[PATCH] D97915: [Coroutines] Handle overaligned frame allocation

Thu Mar 4 14:59:57 PST 2021

rjmccall added inline comments.

================
Comment at: clang/lib/CodeGen/CGBuiltin.cpp:4450
+    Value *Extra = Builder.CreateSelect(Cmp, Diff, Zero);
+    return RValue::get(Builder.CreateAdd(SizeCall, Extra));
   }
----------------
ychen wrote:
> ychen wrote:
> > rjmccall wrote:
> > > Okay, so you're implicitly increasing the coroutine size to allow you to round up to get an aligned frame.  But how do you round back down to get the actual pointer that you need to delete?  This just doesn't work.
> > > 
> > > You really ought to just be using the aligned `operator new` instead when the required alignment is too high.  If that means checking the alignment "dynamically" before calling `operator new` / `operator delete`, so be it.  In practice, it will not be dynamic because lowering will replace the `coro.align` call with a constant, at which point the branch will be foldable.
> > > 
> > > I don't know what to suggest if the aligned `operator new` isn't reliably available on the target OS.  You could outline a function to pick the best allocator/deallocator, I suppose.
> > Thanks for the review!
> > 
> > > Okay, so you're implicitly increasing the coroutine size to allow you to round up to get an aligned frame. But how do you round back down to get the actual pointer that you need to delete? This just doesn't work.
> > 
> > Hmm, you're right that I missed the `delete` part, thanks. The adjusted amount is constant, I could just dial it down in `coro.free`, right?
> > 
> > >  You really ought to just be using the aligned operator new instead when the required alignment is too high. If that means checking the alignment "dynamically" before calling operator new / operator delete, so be it. In practice, it will not be dynamic because lowering will replace the coro.align call with a constant, at which point the branch will be foldable.
> >  
> > That's my intuition at first. But spec is written in a way suggesting (IMHO) that the aligned version should not be used? What if the user specify their own allocator, then which one they should use?
> Sorry, I meant the adjusted amount is coro.align - std::max_align_t,  I could subtract it in `coro.free` . I think it should work?
No, because the adjustment you have to do in `coro.alloc` isn't just an addition, it's an addition plus a mask, which isn't reversible.  Suppose the frame needs to be 32-byte-aligned, but the allocator only promises 8-byte alignment.  The problem is that when you go to free a frame pointer, and you see that it's 32-byte-aligned (which, again, it always will be), the pointer you got from the allocator might be the frame pointer minus any of 8, 16, or 24 — or it might be exactly the same.  The only way to reverse that is to store some sort of cookie, either the amount to subtract or even just the original pointer.

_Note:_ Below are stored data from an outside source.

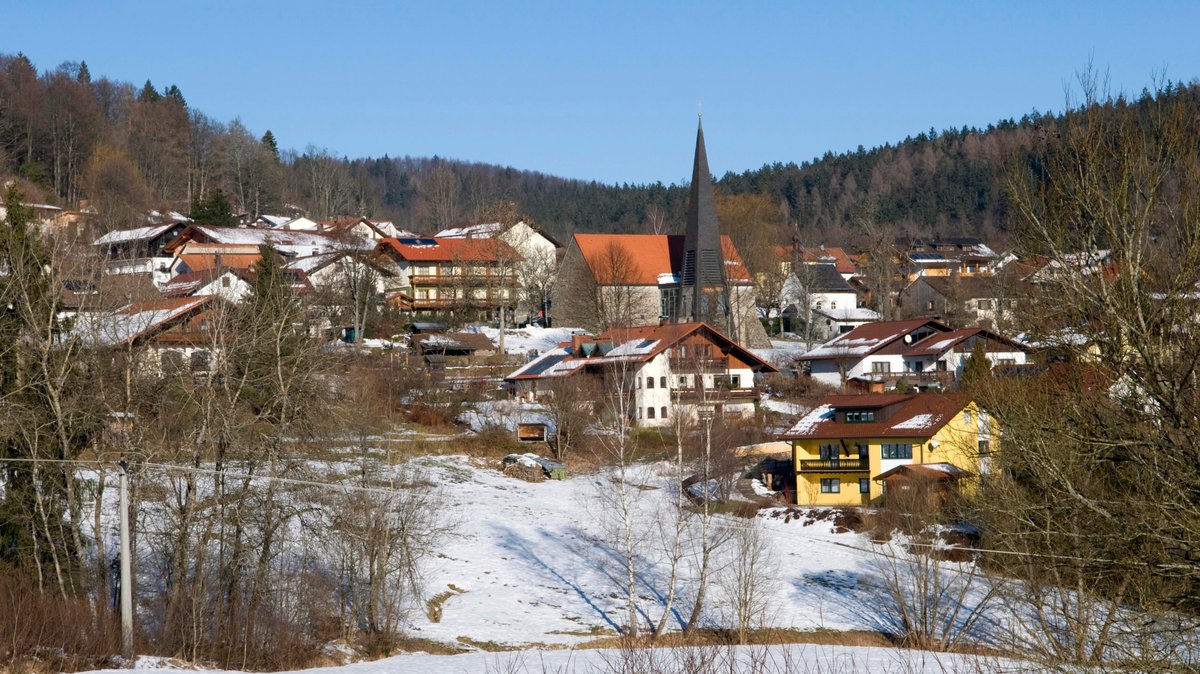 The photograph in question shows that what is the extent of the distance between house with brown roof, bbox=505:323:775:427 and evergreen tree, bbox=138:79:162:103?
87.5m

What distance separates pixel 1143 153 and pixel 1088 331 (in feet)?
6.50

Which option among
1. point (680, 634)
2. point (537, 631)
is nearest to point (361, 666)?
point (537, 631)

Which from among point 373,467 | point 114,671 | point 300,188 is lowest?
point 114,671

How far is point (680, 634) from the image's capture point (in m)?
29.5

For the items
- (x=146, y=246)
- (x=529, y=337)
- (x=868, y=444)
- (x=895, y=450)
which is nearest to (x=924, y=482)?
(x=895, y=450)

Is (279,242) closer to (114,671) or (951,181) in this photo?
(114,671)

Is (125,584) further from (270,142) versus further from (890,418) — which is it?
(270,142)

Now, if you could change the entire coroutine ABI, you could make the frame handle that you pass around be the unadjusted pointer and then just repeat the adjustment every time you enter the coroutine.  But that doesn't work because the ABI relies on things like the promise being at a reliable offset from the frame handle.

I think the best solution would be to figure out a way to use an aligned allocator, which at worst does this in a more systematic way and at best can actually just satisfy your requirement directly without any overhead.  If you can't do that, adding an offset to the frame would be best; if you can't do that, doing it as a cookie is okay.

> That's my intuition at first. But spec is written in a way suggesting (IMHO) that the aligned version should not be used? What if the user specify their own allocator, then which one they should use?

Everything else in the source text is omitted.